= One Drop Foundation =

Non-profit organization

One Drop was an international non-profit organization based in Montreal, created in 2007 by Cirque du Soleil founder Guy Laliberté, which is focused on water initiatives. In July 2026, the foundation announced it was laying off all staff and winding down operations.

== Arts and culture ==
One Drop uses circus arts, folklore, popular theatre, music, dance and visual arts to raise awareness of water-related issues.

== Projects ==
One Drop has projects in Latin America, India, Canada and Africa.

== Awards and recognition ==
One Drop has received the following recognition:
- 2019 Top 10 International Impact Charities as recognized by Charity Intelligence.
- 2015 "Water for Life" UN-Water Best Water Best Practices Award in the category “Best participatory, communication, awareness-raising and education practices”
- International Water Association Project Innovation Award in the Development category.

== Donations ==
Guy Laliberté has pledged to donate C$100 million to the organization over 25 years.

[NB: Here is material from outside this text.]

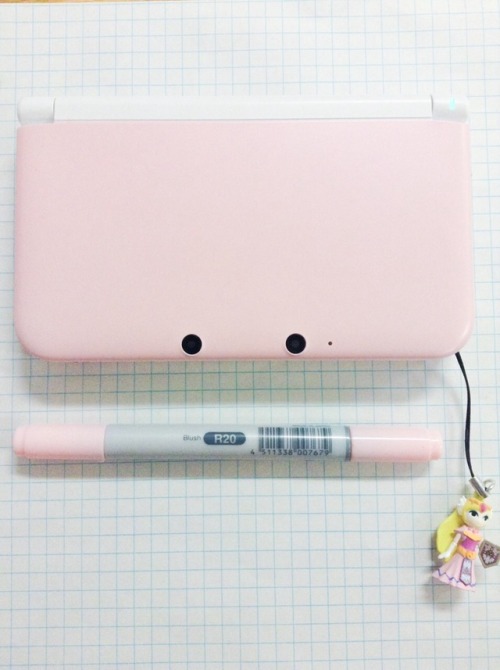 pink ds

In its 2012 Annual Report, One Drop reported raising nearly $52 million over the previous five years. Funds were allocated to programs designed to provide permanent safe water to over 340,000 people.

== Poker ==

In 2011, Laliberté teamed with Caesars Entertainment, owner of the World Series of Poker (WSOP), to launch the Big One for One Drop, a $1-million buy-in poker tournament to benefit the organization. The Big One and other charity tournaments would be held within the larger WSOP series of tournaments held each summer in Las Vegas. In early 2023, the One Drop Foundation entered into a new partnership with the World Poker Tour to host charity poker tournaments in Las Vegas and across the world, with a portion of each player’s buy-in going to the One Drop Foundation.